Worst Jokes Ever
What did Siri say when Stephen Hawking spoke to him... Sorry, I don't like Microsoft.
What did the Pokemon lover say when he got to the shoe store?
I have to Pikashoe.
Why can’t an orphan play baseball?
Because he doesn’t know where home is.
Why did the chicken cross the road? To get to the knucklehead's house...
Knock knock. Who's there? The chicken.
Wanna hear a pizza joke?
Ah, never mind, it's too cheesy.
I've been going to the dentist for a while now, I know the drill.
This rat did the most amazing thing ever; it was pretty radical, dude.
Why did Princess Di cross the road?
Momentum.
Your maw *microsoft shutting down noise*
The man fired from the World Trade Center on September 10.
That is just plain wrong.
What is a disabled person's favorite type of comedy? Sit-down comedy!

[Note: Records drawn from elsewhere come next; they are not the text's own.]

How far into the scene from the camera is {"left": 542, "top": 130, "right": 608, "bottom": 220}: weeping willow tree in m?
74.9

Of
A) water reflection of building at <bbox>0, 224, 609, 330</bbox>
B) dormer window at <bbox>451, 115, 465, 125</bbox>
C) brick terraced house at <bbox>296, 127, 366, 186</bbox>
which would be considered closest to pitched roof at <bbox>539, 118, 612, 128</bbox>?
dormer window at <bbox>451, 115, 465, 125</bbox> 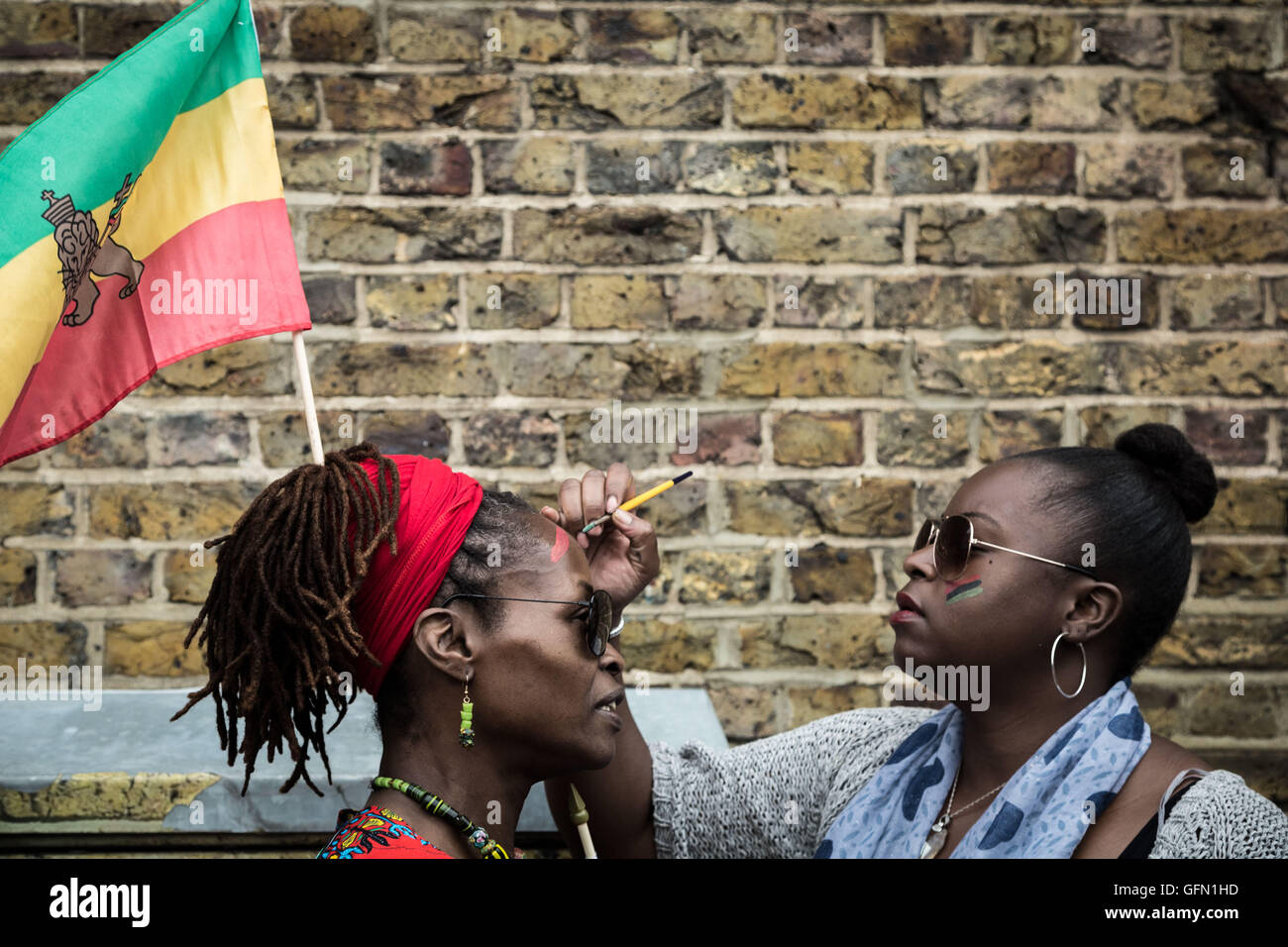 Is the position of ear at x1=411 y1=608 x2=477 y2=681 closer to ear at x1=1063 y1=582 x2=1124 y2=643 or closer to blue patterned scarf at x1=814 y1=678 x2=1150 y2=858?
blue patterned scarf at x1=814 y1=678 x2=1150 y2=858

I caught a cold, Mary Earp caught the ball, what did the towers catch? The plane.
Chuck Norris died, but Death was too afraid to tell him.
When Chuck Norris breaks a mirror, the mirror gets 7 years of bad luck.
Chuck Norris once went to hell.
After that, the Devil only falls asleep after he checks his closet for Chuck Norris.
Chuck Norris can kick an apple from an orange tree and make the best lemonade you've ever had.
Chuck Norris has gone to Mars. That's why there is no life on it.
Bro, I gotta tell you a joke.
Nevermind, it's too cheesy!
How do you organize a space party? You "planet" with some "cheddar" and "brie"-pare for launch!
What did the cheese say to itself in the mirror?
"Halloumi, who's the tastiest of them all?"